國軍第四十一師抗戰紀念碑係為紀念對日抗戰爆發後,該部諸役陣亡官兵而修建,特別與襄河冬季攻勢的多寶灣、羅漢寺戰役有關。1939年12月13日,國軍第四十一師渡過襄河開始向多寶灣一帶日軍發起進攻,一度攻佔多寶灣,後日軍發起反攻,與之協同的方天統領之第十八軍、蕭之楚統領之第二十六軍先後撤退。國軍第四十一師亦撤至長沙。
1940年,第四十一師在湖北宜昌修建了該部陣亡將士紀念碑。紀念碑碑記由時任師長丁治盤撰寫,全文如下:
「陸軍第四十一師陣亡將士紀念碑記
陸軍第四十一師,從役於攘倭之戰,洎乎中華民國二十八年冬,我將士之及於難者,先後凡二千七百五十五人,比於參戰之數,十之三而弱,比於官兵之差,一之十又五,其以捷而死者半,以挫而死者亦半焉!然其間摩堅拒銳,凡百數十戰,其勢則未 嘗中熸也,而多寶灣羅漢寺之捷,銳師直指,爭相蹈險,馳突於飛機、毒氣、坦克車,慘苦壯烈之下,授命者尤多。

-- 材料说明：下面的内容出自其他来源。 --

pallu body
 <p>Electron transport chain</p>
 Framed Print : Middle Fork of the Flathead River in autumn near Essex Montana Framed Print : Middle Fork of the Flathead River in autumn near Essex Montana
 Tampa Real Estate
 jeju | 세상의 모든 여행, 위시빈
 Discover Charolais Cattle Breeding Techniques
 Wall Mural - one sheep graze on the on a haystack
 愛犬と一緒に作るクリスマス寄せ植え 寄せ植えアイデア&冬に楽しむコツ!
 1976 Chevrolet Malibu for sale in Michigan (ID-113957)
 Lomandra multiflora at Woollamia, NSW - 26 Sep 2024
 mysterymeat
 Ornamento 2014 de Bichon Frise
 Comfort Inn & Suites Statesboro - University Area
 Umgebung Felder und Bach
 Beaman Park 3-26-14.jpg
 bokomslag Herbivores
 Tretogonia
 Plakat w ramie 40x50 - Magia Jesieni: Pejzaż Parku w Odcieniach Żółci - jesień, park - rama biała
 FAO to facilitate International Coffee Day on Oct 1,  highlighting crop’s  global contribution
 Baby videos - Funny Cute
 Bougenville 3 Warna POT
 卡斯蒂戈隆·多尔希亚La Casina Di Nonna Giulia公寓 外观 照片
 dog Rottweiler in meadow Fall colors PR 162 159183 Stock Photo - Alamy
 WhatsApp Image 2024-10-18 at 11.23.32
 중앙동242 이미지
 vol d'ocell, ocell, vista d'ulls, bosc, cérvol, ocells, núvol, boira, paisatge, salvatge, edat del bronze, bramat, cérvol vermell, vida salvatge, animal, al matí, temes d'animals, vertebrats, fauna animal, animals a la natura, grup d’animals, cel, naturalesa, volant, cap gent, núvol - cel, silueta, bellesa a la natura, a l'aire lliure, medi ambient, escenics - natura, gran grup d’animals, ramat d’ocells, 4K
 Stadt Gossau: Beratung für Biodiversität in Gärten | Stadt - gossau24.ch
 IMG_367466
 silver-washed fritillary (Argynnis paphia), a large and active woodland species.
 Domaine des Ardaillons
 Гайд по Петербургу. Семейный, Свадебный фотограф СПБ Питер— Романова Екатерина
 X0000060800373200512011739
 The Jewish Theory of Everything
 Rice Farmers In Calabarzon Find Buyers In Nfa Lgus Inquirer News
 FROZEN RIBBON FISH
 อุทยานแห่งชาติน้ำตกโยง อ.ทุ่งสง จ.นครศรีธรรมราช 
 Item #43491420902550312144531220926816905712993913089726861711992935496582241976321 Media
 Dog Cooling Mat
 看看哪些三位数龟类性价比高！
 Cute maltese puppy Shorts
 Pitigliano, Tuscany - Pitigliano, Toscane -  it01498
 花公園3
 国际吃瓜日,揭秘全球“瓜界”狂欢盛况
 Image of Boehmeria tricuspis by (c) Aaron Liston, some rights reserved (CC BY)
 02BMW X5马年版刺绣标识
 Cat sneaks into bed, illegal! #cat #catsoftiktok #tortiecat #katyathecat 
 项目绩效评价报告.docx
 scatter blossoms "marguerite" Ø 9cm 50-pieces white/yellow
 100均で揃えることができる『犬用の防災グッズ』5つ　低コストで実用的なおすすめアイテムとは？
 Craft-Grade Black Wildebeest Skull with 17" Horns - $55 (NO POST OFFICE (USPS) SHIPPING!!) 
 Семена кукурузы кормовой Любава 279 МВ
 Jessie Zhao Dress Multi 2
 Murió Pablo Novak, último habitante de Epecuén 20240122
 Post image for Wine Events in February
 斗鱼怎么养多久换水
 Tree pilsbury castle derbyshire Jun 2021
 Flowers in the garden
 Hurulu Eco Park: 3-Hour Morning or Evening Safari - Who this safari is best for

二十九年春,重輯部伍於宜都之白洋,宜都諸執事耆宿,感於死者報國,赫赫之聲,為豐碑置於白洋之四陵坡上,以志景仰,嗚呼!倭寇之禍,猶未已也,近矚江漢之間,多為賊所踐履,用是吾諸死難將士,身殄而魂將不愉,吾後方諸同胞,又烏可苟安於旦夕哉!嘗聞天下興亡,匹夫有責,又聞君子之道,莫大乎以忠誠為天下倡。我國家自鴉片戰爭以來,政窳俗靡,民氣消沉,避禍遠害之見,惟私於己。成仁取義之行,無奮於中,寖假而國勢日頹,寖假而人心日懦,遂昧乎匹夫忠誠之義,無敢與異族言戰者,倭寇之劍及履及,謂非有以自致者乎!今吾諸死難將士,身試鋒鏑,手剚國仇,蓋以匹夫忠誠之義,為天下倡矣!過此碑者,願鼓舞而興起焉。」
1949年中共建政後,紀念碑已完全被毀而不存。值得一提的是該師首任師長張振漢。張氏為安陸的第二十六軍抗日剿匪忠烈祠題寫過碑記。1934年10月,國軍對中共紅軍進行圍剿。1935年6月,張振漢在湖北忠堡被中共賀龍部俘獲。後,張振漢獲得中共方面禮遇,成為中共紅軍軍事教員,並隨同中共紅軍參加「長征」。
1949年國府撤離中國大陸前夕,張振漢策動國府湖南當局向中共投誠。中共建政後,張振漢先後擔任長沙市副市長、湖南省政協常委、中共全國政協委員等職。文革爆發後,張振漢於1967年5月26日在北京被迫害致死。